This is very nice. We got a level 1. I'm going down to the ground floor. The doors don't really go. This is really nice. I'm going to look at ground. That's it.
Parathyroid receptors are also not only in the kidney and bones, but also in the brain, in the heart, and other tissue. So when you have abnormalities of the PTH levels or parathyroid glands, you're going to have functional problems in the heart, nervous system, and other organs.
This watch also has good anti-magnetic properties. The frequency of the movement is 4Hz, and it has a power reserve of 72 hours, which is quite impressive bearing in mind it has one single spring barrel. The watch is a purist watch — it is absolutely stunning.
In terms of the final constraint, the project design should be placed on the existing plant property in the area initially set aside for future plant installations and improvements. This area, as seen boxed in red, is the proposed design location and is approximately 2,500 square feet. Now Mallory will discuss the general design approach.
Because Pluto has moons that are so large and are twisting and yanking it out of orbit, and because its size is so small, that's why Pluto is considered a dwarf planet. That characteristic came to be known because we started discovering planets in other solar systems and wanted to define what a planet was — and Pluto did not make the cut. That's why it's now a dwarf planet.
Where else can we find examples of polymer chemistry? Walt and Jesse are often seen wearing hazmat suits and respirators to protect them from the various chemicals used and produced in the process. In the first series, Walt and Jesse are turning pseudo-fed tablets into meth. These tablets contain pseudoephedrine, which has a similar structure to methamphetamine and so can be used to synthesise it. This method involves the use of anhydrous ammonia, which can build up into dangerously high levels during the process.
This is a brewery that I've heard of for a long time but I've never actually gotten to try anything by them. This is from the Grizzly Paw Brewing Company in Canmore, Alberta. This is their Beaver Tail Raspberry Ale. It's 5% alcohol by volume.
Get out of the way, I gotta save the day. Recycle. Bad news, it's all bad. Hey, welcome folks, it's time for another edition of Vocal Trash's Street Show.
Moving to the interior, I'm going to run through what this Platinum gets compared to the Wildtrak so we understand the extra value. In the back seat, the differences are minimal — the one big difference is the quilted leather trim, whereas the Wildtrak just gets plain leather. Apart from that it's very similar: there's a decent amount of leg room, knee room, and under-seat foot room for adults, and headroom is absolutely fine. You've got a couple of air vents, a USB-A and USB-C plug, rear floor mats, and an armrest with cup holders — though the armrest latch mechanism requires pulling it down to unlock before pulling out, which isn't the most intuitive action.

EXERCISE REQUIREMENTS: Output each line exactly, from the first line of the data down to the line that contains "This watch also", both included.

OUTPUT OF THE TASK:
This is very nice. We got a level 1. I'm going down to the ground floor. The doors don't really go. This is really nice. I'm going to look at ground. That's it.
Parathyroid receptors are also not only in the kidney and bones, but also in the brain, in the heart, and other tissue. So when you have abnormalities of the PTH levels or parathyroid glands, you're going to have functional problems in the heart, nervous system, and other organs.
This watch also has good anti-magnetic properties. The frequency of the movement is 4Hz, and it has a power reserve of 72 hours, which is quite impressive bearing in mind it has one single spring barrel. The watch is a purist watch — it is absolutely stunning.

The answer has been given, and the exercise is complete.